Die Anzahl bedrohter Tierarten wächst stetig. Im Vatikan sind derzeit Biologen, Ökonomen und Ökologen aus aller Welt zur „Biological Extinction Conference“ versammelt. Im Rahmen der Konferenz sagten die Forscher, dass aktuell eine von fünf Tierarten auf der Welt vom Aussterben bedroht werden. Bis 2100 könnten 50 Prozent der Tierarten entweder vom Aussterben bedroht oder bereits ausgestorben sein, wenn wir nicht heute bereits Gegenmaßnahmen ergreifen.

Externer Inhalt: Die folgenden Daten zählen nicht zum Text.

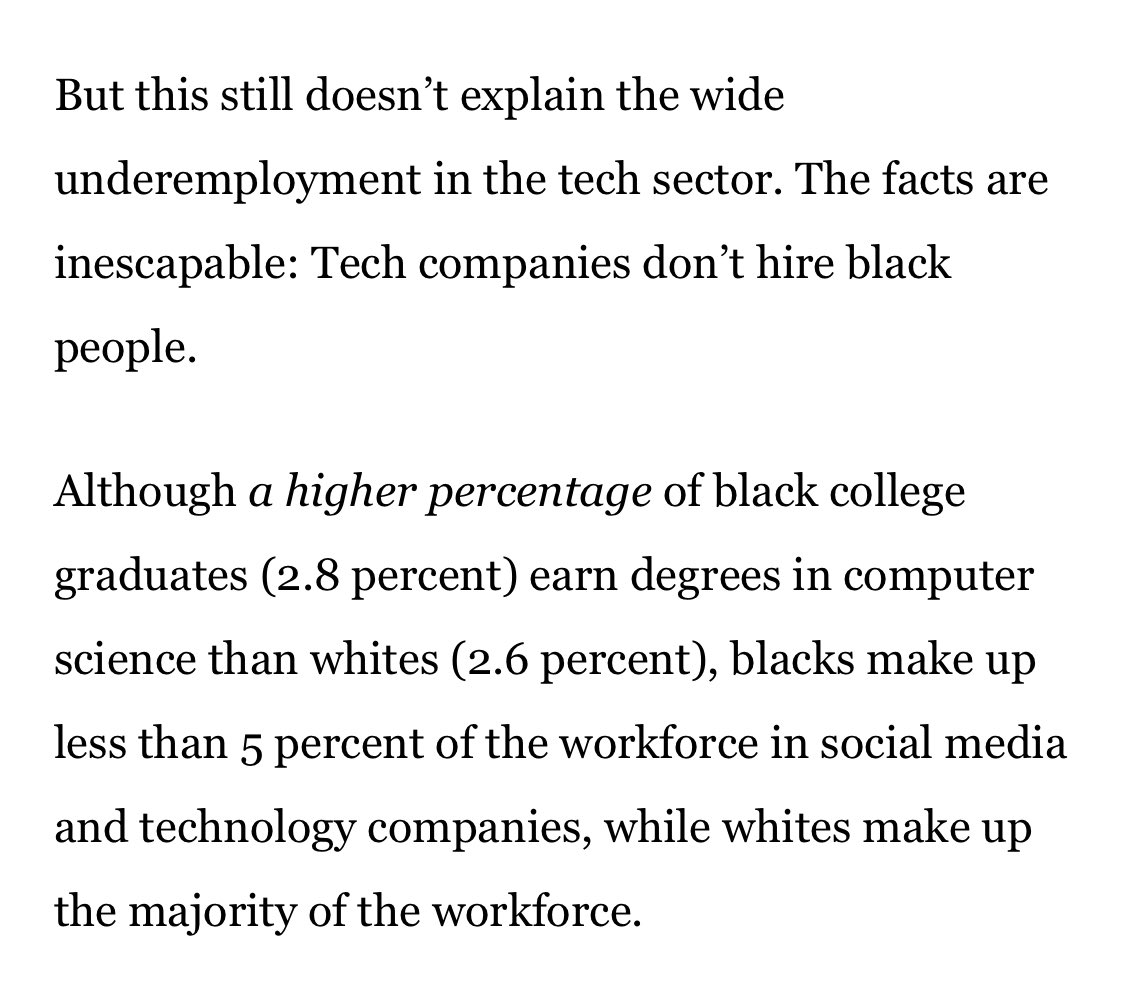 According to the National Center for Education Statistics a HIGHER PERCENTAGE of black grads earn degrees in computer and data science than white grads.The tech companies just don’t hire us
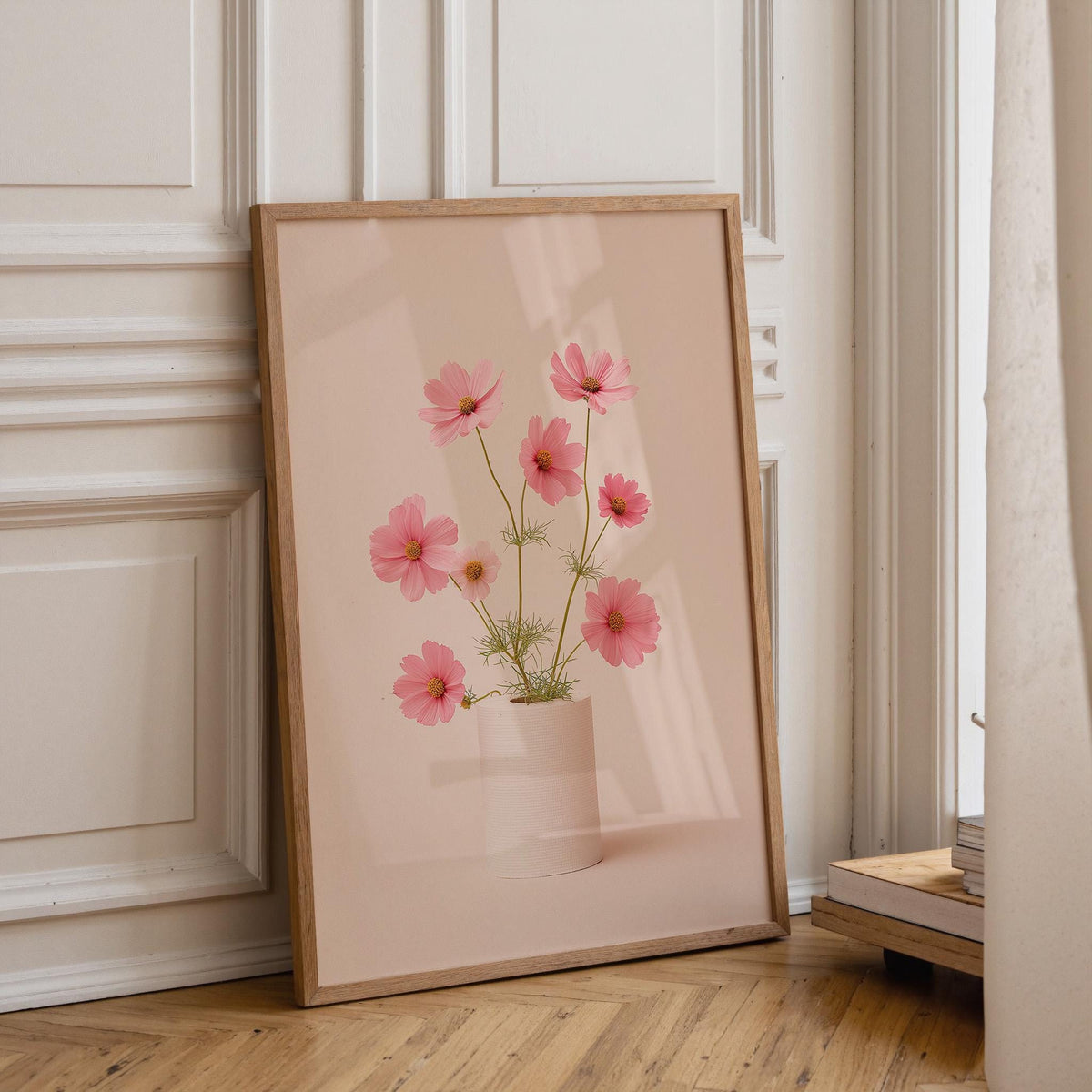 Pink Cosmo Bathroom Wall Art, Minimalist Floral Toilet Roll Print, Soft Blush Botanical Poster for Neutral Bathroom Decor...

Westliche Länder tragen große Verantwortung

Nach Aussage der Konferenzteilnehmer sei es bedauerlich, dass manche bedrohte Tierarten wie der Indische Elefant oder das Rhinozeros zwar ab und an in den Schlagzeilen auftauchen würden, die Menschheit aber generell die hohe Zahl bedrohter Tierarten auf die leichte Schulter nähme. Dabei sei das globale Ökosystem auch für die Menschheit von entscheidender Bedeutung. „The living fabric of the world is slipping through our fingers without our showing much sign of caring„, heißt es von Seiten der Konferenzteilnehmer.


Laut Paul Ehrlich, einem Biologen der Stanford University, ist der Lebensstil in reichen, westlichen Ländern maßgeblich für die Zerstörung der Umwelt verantwortlich. „Rich Western countries are now siphoning up the planet’s resources and destroying its ecosystems at an unprecedented rate. We want to build highways across the Serengeti to get more rare earth minerals for our cellphones. We grab all the fish from the sea, wreck the coral reefs, and put carbon dioxide into the atmosphere. We have triggered a major extinction event. The question is: how do we stop it?„, so Ehrlich.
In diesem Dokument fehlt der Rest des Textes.